PROBLEM TO WORK ON - Read through the data and report every line in which the word "free" occurs.

MATERIAL FOR THIS EXERCISE -
■ ■ ■ ■

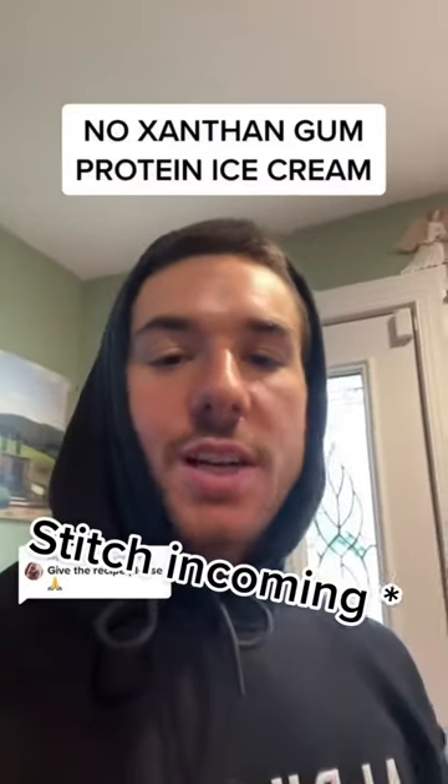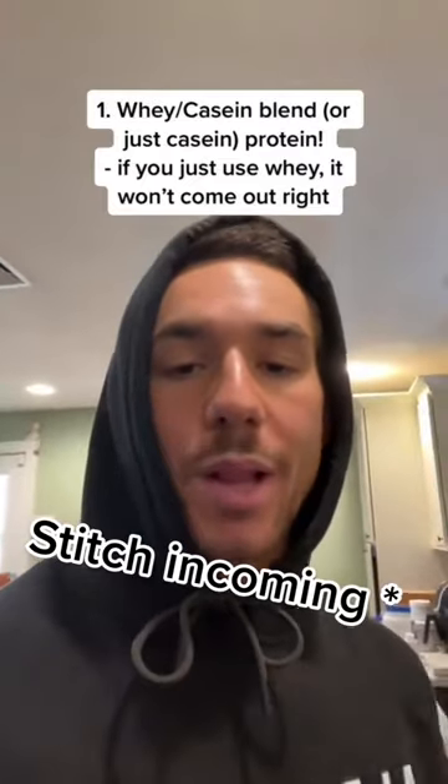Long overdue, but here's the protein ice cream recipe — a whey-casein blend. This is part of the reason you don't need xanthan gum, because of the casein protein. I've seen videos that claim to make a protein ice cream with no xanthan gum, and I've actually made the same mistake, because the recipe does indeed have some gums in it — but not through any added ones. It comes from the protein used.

■ ■ ■ ■

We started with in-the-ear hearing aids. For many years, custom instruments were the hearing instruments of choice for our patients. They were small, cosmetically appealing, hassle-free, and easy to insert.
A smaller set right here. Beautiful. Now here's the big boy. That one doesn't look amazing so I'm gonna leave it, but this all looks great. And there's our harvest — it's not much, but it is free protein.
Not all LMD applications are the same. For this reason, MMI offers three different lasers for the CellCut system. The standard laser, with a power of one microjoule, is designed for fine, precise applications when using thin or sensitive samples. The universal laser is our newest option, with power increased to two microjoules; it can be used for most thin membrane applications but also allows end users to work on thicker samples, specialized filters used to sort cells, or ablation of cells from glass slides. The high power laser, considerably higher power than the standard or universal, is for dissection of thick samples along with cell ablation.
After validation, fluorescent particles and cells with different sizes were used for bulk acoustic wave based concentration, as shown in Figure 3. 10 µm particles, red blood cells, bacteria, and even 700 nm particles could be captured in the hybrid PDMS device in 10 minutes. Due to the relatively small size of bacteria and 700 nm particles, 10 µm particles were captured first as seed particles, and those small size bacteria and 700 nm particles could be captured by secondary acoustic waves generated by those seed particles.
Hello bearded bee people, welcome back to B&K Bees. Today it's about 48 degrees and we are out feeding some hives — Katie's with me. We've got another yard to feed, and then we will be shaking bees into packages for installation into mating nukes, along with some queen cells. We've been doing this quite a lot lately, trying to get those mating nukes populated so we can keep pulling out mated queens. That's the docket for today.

■ ■ ■ ■

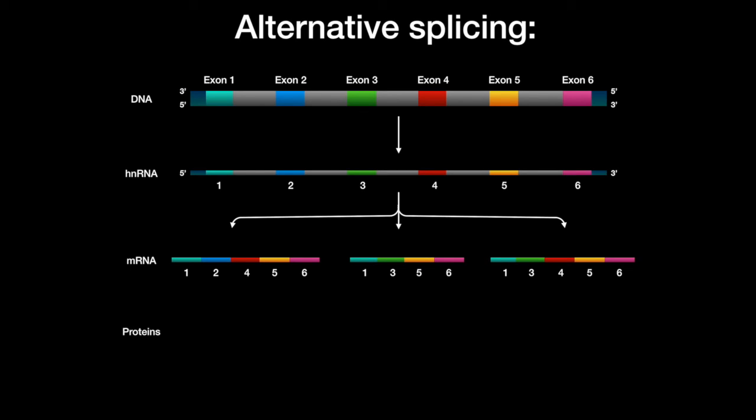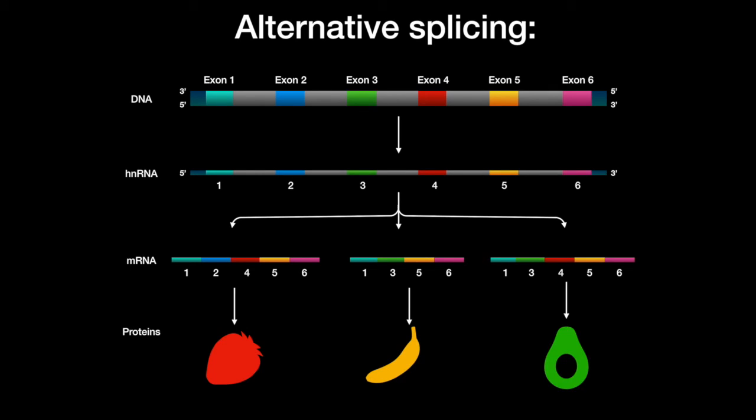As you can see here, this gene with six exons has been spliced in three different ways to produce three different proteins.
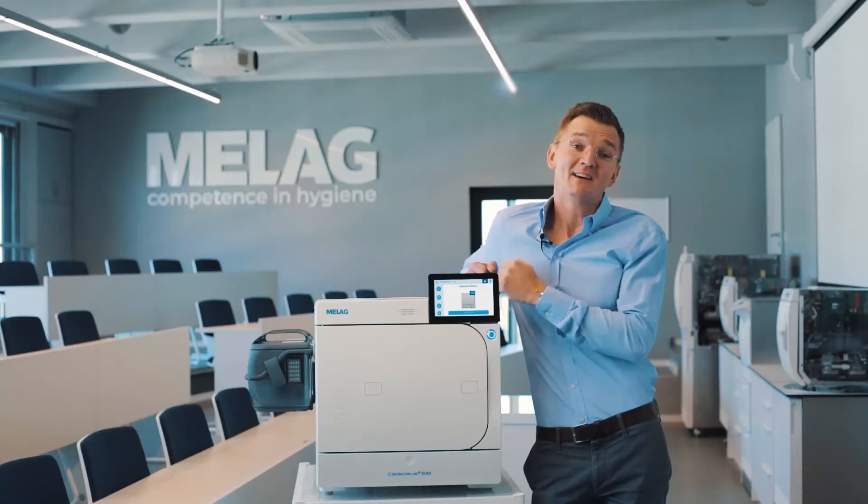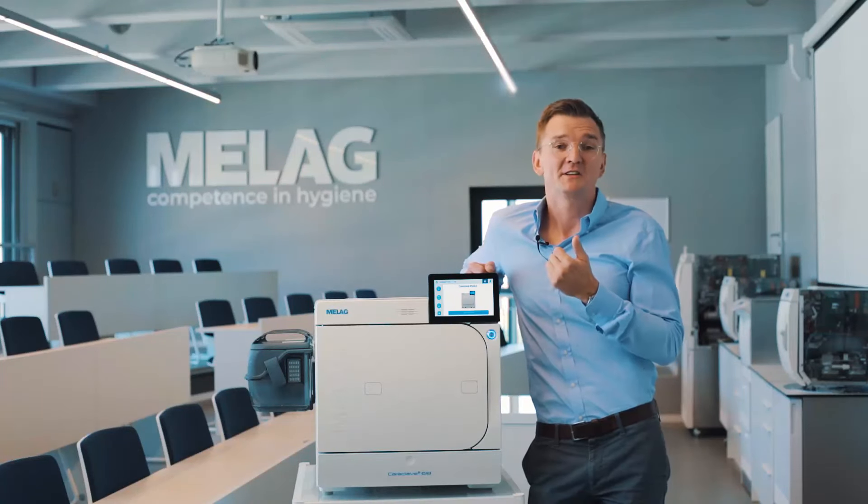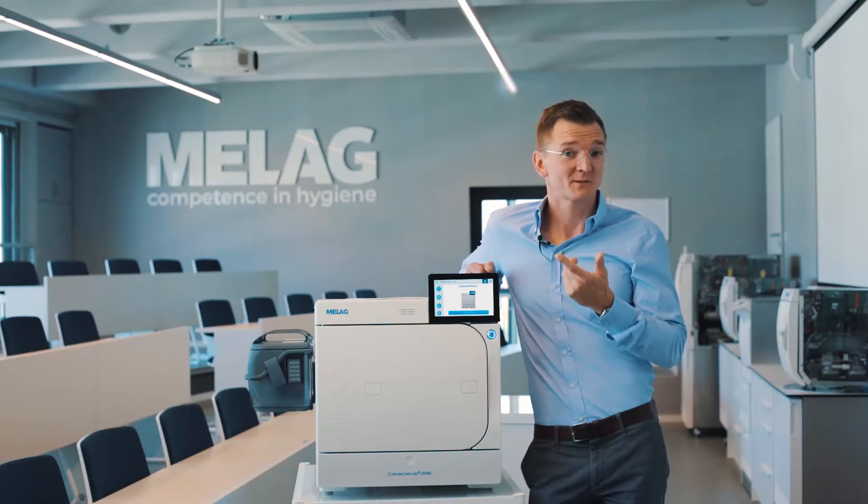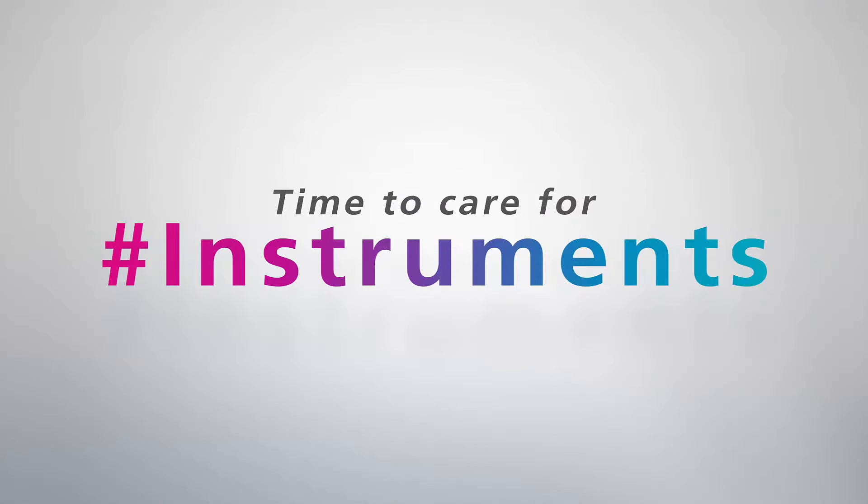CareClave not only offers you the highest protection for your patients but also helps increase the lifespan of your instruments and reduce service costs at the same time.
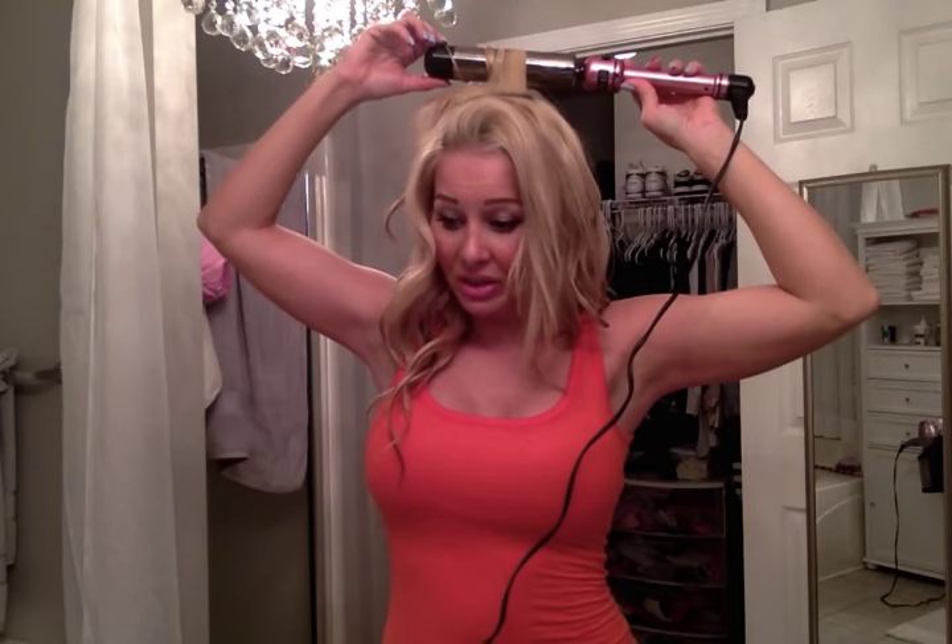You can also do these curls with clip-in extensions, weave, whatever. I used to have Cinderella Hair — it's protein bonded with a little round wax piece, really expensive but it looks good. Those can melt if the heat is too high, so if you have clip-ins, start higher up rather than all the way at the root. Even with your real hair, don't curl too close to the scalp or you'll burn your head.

■ ■ ■ ■

REPLY -
We started with in-the-ear hearing aids. For many years, custom instruments were the hearing instruments of choice for our patients. They were small, cosmetically appealing, hassle-free, and easy to insert.
A smaller set right here. Beautiful. Now here's the big boy. That one doesn't look amazing so I'm gonna leave it, but this all looks great. And there's our harvest — it's not much, but it is free protein.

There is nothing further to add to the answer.